How we do new marketing things at dbt Labs

Janessa Lantz
3 min readApr 27, 2021

dbt Labs is an extremely community-oriented brand, and this means we end up doing marketing in some fundamentally different ways. One of the biggest differences is in how we do new things.

We began planning the first dbt user conference late in 2019. At the time I was still marketer #1 and I had an ambitious plan that I was reviewing with our CEO — “We’ll get 1000 attendees!” — something like that, though I don’t recall the exact number. His response: “Let’s aim for much less and just focus on creating something that 300 folks in the dbt community absolutely love.”

huh?

This felt so awkward to me at the time. I liked having a big number to shoot for and rally people around! It felt certain. Like proof of my value.

As it turned out, we cancelled the in-person event. We hosted Coalesce 2020 online in December of 2020. We set a goal of 2k registrants and 1k attendees and ended up with 5k registrants and 3k attendees, but far more importantly, people absolutely loved it. Our NPS was something ridiculous like 80+.
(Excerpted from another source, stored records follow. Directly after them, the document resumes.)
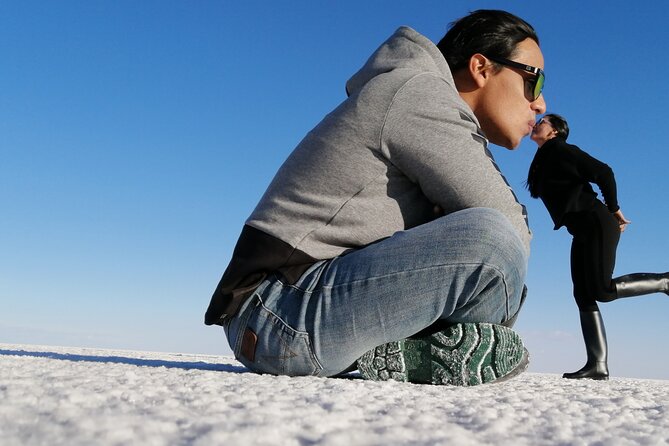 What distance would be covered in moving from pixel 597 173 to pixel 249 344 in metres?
3.03

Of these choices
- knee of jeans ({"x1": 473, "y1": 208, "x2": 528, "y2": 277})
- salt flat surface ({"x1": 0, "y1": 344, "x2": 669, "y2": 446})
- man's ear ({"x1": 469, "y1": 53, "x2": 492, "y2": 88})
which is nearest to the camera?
salt flat surface ({"x1": 0, "y1": 344, "x2": 669, "y2": 446})

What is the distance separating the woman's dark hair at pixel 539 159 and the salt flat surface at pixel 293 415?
2896 mm

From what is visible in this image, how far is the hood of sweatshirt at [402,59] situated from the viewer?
6.77 ft

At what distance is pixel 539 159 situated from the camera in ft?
14.0

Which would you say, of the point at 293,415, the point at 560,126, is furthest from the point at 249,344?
the point at 560,126

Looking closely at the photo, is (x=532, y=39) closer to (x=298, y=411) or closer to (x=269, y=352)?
(x=269, y=352)

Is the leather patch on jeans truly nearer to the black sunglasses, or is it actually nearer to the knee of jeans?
the knee of jeans

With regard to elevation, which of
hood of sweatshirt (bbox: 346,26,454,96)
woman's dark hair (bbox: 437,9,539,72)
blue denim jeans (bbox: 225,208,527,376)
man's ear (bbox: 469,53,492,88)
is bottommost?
blue denim jeans (bbox: 225,208,527,376)

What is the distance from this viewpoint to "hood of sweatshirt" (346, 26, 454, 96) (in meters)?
2.06

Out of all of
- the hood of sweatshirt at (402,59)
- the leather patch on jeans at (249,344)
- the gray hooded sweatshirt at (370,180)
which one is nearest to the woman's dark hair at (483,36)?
the hood of sweatshirt at (402,59)

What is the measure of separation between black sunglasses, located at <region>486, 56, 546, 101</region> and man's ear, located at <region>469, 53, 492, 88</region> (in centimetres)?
4

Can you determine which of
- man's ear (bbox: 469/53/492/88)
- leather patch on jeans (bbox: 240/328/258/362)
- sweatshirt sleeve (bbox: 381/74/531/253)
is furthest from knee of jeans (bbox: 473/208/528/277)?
man's ear (bbox: 469/53/492/88)

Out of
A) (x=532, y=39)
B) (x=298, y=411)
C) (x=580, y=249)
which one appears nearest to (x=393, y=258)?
(x=298, y=411)

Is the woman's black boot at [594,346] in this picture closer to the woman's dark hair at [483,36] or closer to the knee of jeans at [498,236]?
the woman's dark hair at [483,36] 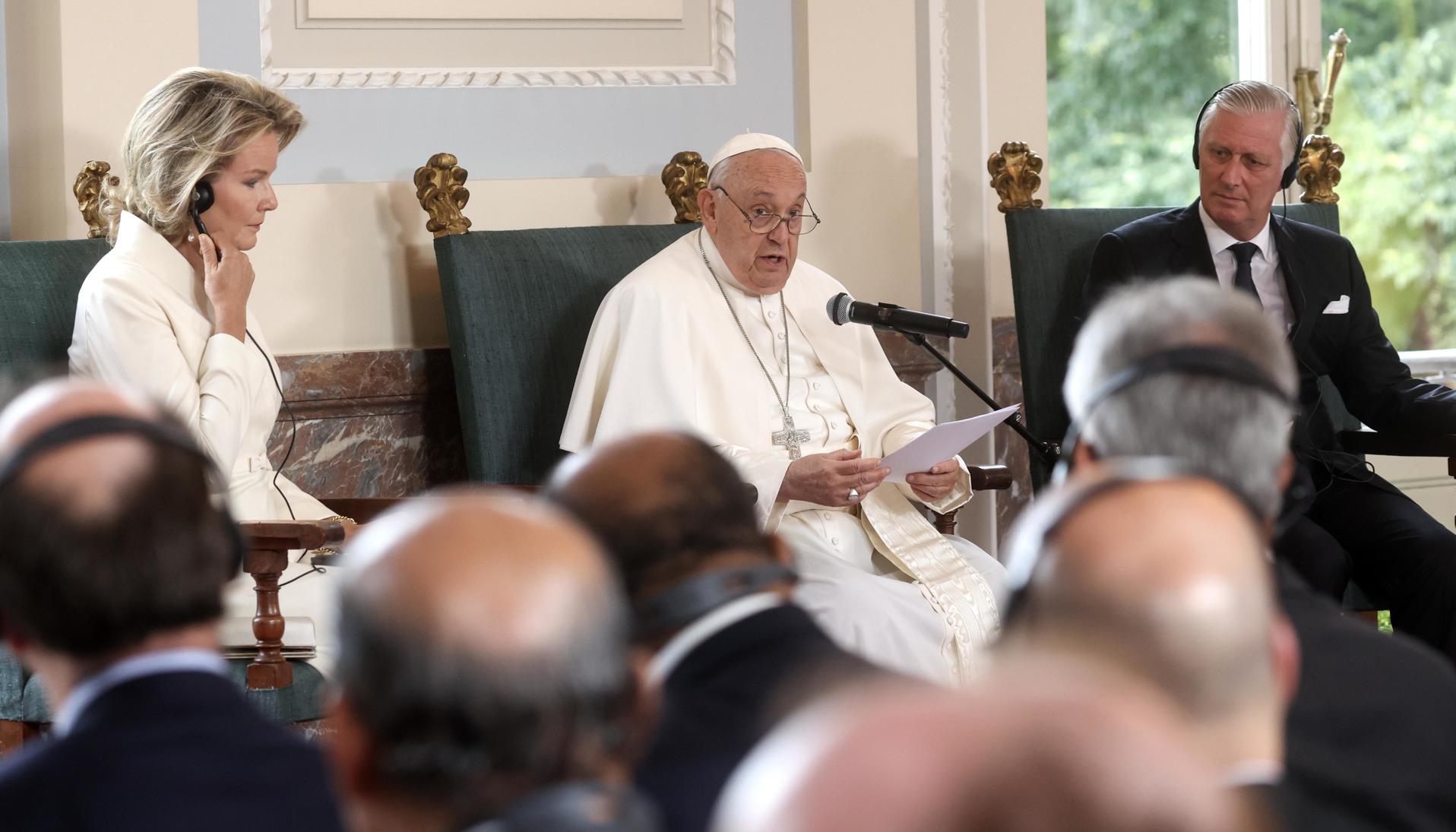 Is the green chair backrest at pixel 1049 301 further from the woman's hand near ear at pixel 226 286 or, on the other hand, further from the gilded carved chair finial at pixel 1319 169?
the woman's hand near ear at pixel 226 286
The focus on creating something people love shifted our attention from promotion to the actual event experience. Overall, we actually did a pretty bad job of promoting the event. We sent only one email about the event to our database. We were slow on getting promo materials to our speakers. And our promotions were scattered and inconsistent until maybe a month before the event. But less time focusing on promotion freed us to work out the details on things like…

  • the chat experience (which all took place in the dbt Community Slack)
  • the content (offering an unusually high amount of feedback and support to speakers)
  • getting our internal team excited and involved in the event
  • how we wanted the event to feel (ended up doing no pre-recorded talks and opting for the potential mishaps but more “real” vibe of doing it live)
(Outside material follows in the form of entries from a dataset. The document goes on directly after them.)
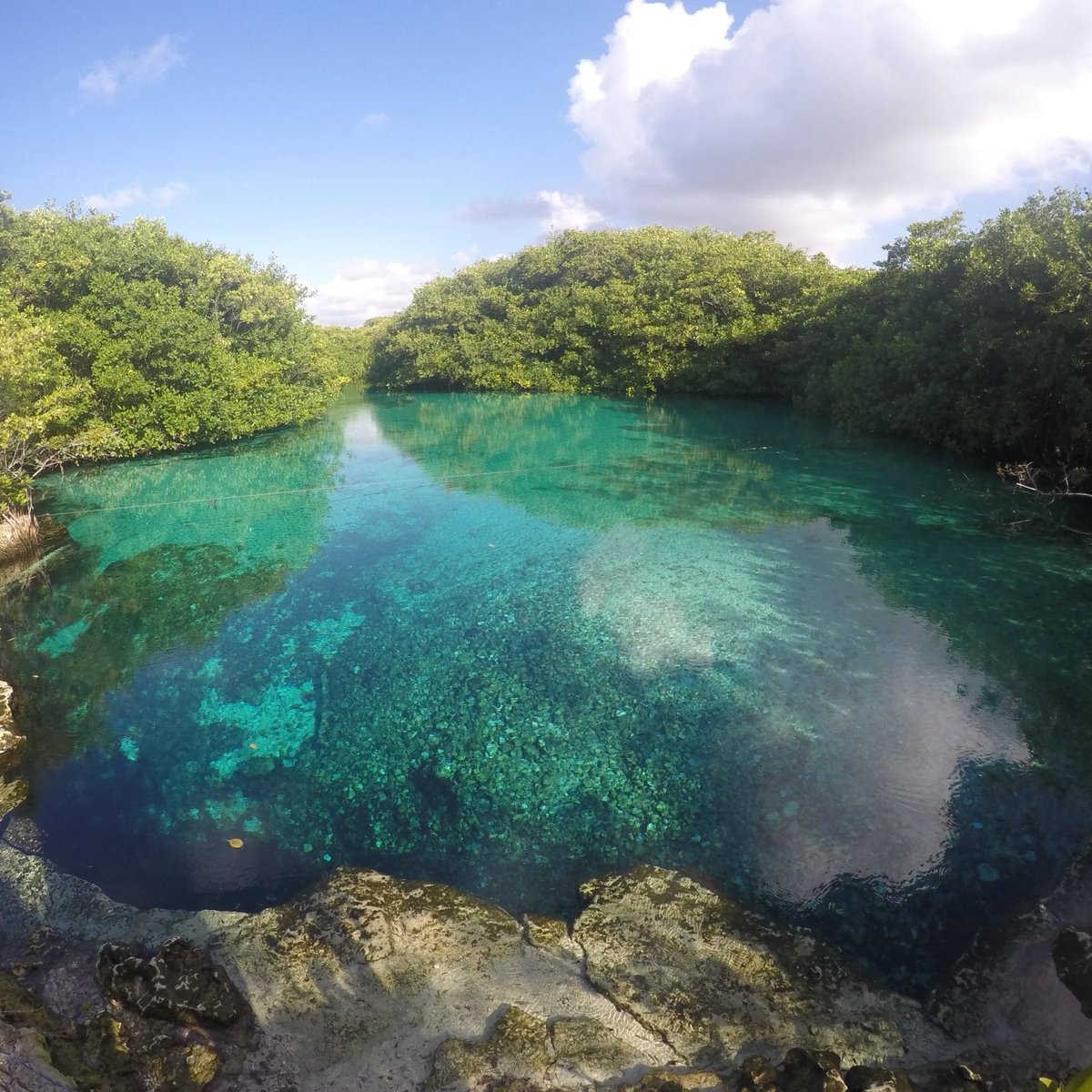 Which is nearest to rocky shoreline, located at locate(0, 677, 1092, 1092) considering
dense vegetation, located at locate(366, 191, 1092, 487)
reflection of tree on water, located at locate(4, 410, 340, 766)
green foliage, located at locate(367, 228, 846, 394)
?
reflection of tree on water, located at locate(4, 410, 340, 766)

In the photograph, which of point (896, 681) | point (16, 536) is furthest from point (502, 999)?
point (16, 536)

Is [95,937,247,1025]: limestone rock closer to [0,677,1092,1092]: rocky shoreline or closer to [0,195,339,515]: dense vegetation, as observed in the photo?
[0,677,1092,1092]: rocky shoreline

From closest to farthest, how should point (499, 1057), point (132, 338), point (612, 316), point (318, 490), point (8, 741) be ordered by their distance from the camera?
point (499, 1057)
point (8, 741)
point (318, 490)
point (132, 338)
point (612, 316)

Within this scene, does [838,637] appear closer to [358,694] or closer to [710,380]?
[358,694]

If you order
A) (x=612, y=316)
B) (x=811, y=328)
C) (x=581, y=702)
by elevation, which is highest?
(x=612, y=316)

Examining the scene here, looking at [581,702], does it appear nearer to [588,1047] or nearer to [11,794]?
[588,1047]

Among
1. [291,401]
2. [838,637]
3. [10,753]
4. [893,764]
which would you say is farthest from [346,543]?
[291,401]

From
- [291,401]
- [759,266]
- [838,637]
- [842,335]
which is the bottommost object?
[838,637]

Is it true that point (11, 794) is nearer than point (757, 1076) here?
No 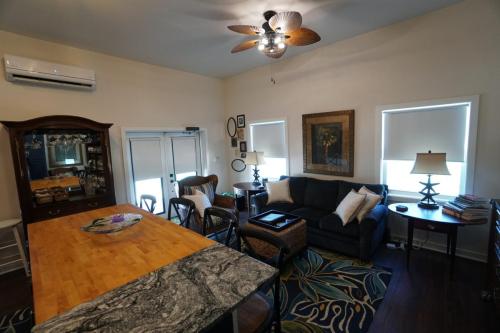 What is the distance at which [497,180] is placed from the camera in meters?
2.58

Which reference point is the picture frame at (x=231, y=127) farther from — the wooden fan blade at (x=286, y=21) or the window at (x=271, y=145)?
the wooden fan blade at (x=286, y=21)

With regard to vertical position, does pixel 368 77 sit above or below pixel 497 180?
above

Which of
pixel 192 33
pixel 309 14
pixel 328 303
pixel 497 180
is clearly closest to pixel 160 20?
pixel 192 33

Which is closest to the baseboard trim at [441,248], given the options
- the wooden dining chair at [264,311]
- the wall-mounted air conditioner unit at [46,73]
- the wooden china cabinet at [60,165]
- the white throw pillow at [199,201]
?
the wooden dining chair at [264,311]

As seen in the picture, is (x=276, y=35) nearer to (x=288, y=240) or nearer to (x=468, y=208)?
(x=288, y=240)

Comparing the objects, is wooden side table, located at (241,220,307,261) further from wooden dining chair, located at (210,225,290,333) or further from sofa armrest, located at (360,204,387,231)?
wooden dining chair, located at (210,225,290,333)

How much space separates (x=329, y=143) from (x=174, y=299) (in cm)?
344

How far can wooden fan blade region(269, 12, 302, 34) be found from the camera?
1.97 metres

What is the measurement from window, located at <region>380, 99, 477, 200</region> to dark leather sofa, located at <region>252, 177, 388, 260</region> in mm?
357

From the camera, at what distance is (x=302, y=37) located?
2420mm

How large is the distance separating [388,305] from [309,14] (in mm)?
3218

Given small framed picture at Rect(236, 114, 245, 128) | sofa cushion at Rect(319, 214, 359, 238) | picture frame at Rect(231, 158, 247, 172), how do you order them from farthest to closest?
picture frame at Rect(231, 158, 247, 172)
small framed picture at Rect(236, 114, 245, 128)
sofa cushion at Rect(319, 214, 359, 238)

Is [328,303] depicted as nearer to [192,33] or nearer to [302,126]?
[302,126]

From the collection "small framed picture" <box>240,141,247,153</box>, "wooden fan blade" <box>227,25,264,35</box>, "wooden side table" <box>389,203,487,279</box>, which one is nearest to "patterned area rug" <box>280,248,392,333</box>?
"wooden side table" <box>389,203,487,279</box> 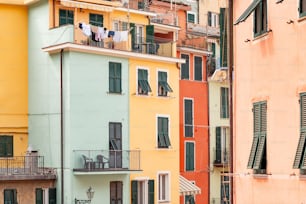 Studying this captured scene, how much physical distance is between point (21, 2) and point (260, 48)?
996 inches

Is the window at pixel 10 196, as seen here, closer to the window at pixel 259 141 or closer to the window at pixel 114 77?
the window at pixel 114 77

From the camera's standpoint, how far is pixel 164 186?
42906 millimetres

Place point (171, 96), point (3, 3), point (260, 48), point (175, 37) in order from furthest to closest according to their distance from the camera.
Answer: point (175, 37)
point (171, 96)
point (3, 3)
point (260, 48)

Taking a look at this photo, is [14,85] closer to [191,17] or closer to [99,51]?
[99,51]

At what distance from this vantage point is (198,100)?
163 feet

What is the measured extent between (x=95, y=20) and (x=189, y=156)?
11.3 m

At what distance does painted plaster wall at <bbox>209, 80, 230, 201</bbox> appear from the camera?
49.9 m

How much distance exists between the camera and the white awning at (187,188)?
45.0 m

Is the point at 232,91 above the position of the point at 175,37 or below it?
below

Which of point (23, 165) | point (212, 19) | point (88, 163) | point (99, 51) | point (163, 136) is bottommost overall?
point (23, 165)

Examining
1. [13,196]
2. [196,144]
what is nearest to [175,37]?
[196,144]

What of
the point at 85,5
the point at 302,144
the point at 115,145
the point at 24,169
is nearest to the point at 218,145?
the point at 115,145

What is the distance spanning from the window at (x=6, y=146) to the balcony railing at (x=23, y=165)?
0.32 meters

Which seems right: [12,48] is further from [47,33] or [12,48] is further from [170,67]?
[170,67] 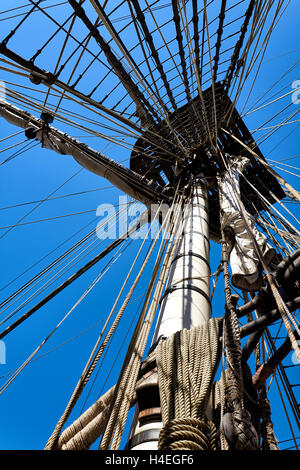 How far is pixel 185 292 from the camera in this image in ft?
8.55

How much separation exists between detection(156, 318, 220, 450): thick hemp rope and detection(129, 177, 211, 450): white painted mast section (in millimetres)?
233

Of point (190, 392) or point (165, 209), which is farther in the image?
point (165, 209)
As we plan for this year, we are beginning to fully feel the benefits of that early focus on love. It’s so much easier to scale something that has good underlying mechanics.

This approach has become central to how the marketing team thinks about doing anything for the first time. If we create a podcast, the measure of early success isn’t downloads, it’s a few raving emails. If we run a lead-gen campaign, the measure of early success isn’t new leads, it’s hearing that the content sparked internal discussions as it was passed around a company’s Slack. If we start a video series, we want to increase the number of “thank you for doing this!” messages before we try and grow view count.

One of our company values is: Users are our best advocates. I used to think that was a statement about our product, dbt. Today, I see that value as applying to literally every aspect of the company, including marketing.

Marketers know all kinds of tricks to game the numbers, but optimization can only get you to the local maximum. Creating something that people love grows your global maximum.